La Cour de cassation valide le mariage d'un couple homosexuel franco-marocain. Un arrêt dont 20 Minutes a eu la copie, qui pourrait faire date. En effet, la France reconnaît le mariage pour tous, pas le Maroc. La Cour de Cassation a estimé que la liberté fondamentale de se marier l'emportait bien sur une convention bilatérale passée entre la France et le Maroc.

Le pourvoi en Cassation rejeté

Deux personnes de même sexe, l’un Français, l’autre Marocain (qui vivait en France), ont décidé de se marier. Ce mariage a été validé par deux fois en octobre 2013, par le tribunal de grande instance puis par la Cour d'appel de Chambéry, mais le parquet général avait formé un pourvoi en cassation. Un pourvoi qui vient d'être rejeté.

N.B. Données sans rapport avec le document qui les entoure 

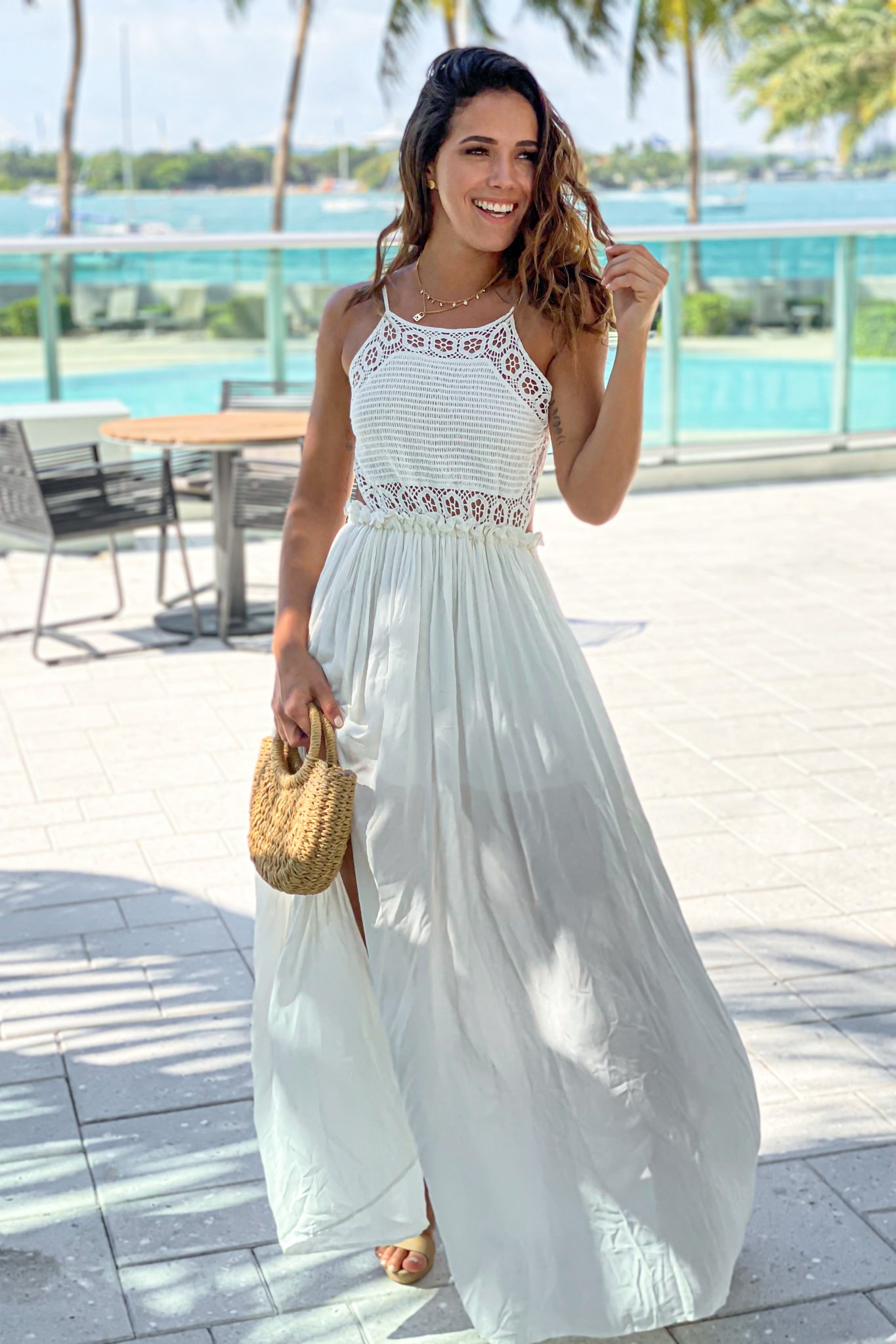 Off White Crochet Top Maxi Dress With Slit | Maxi Dresses Saved by the Dress Off White Crochet Top Maxi Dress With Slit | Maxi Dresses Saved by the Dress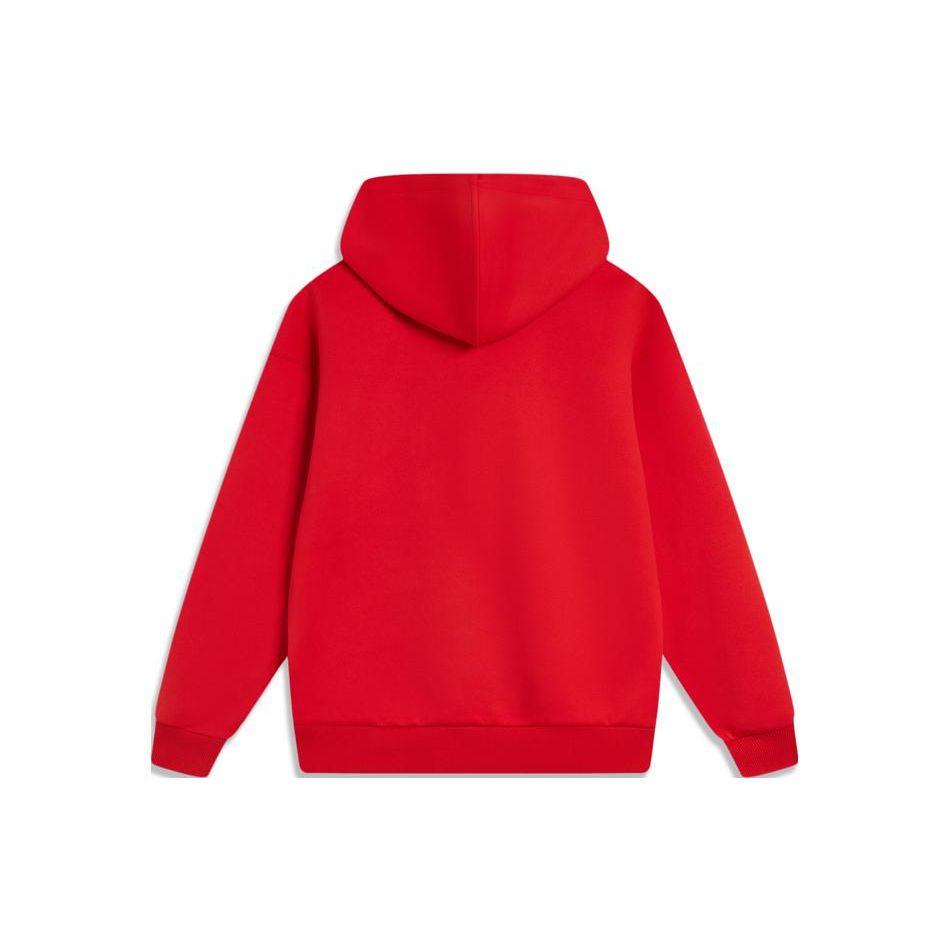 Li Ning Sports Lifestyle Series New Year Edition Zodiac Cultural Pullover Hoodie Women Sweatshirt Cinnabar-Red AWDU032-9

Selon cet arrêt de la Cour de Cassation: «Le code civil permet aux couples de même sexe de se marier, dès lors que cette union est autorisée soit par la loi de l’Etat dont est ressortissant l’un des deux partenaires, soit par la loi du territoire sur lequel il est domicilié (art. 202-1, al. 2). Toutefois, les conventions conclues entre la France et un autre Etat ont une valeur supérieure à celle du droit français (article 55 de la Constitution). La convention franco-marocaine du 10 août 1981 prévoit que, pour déterminer si le mariage est autorisé, il faut se référer, pour chaque époux, à la loi de l’Etat dont il a la nationalité. Or, le Maroc ne reconnaît pas aux couples de même sexe le droit de se marier.»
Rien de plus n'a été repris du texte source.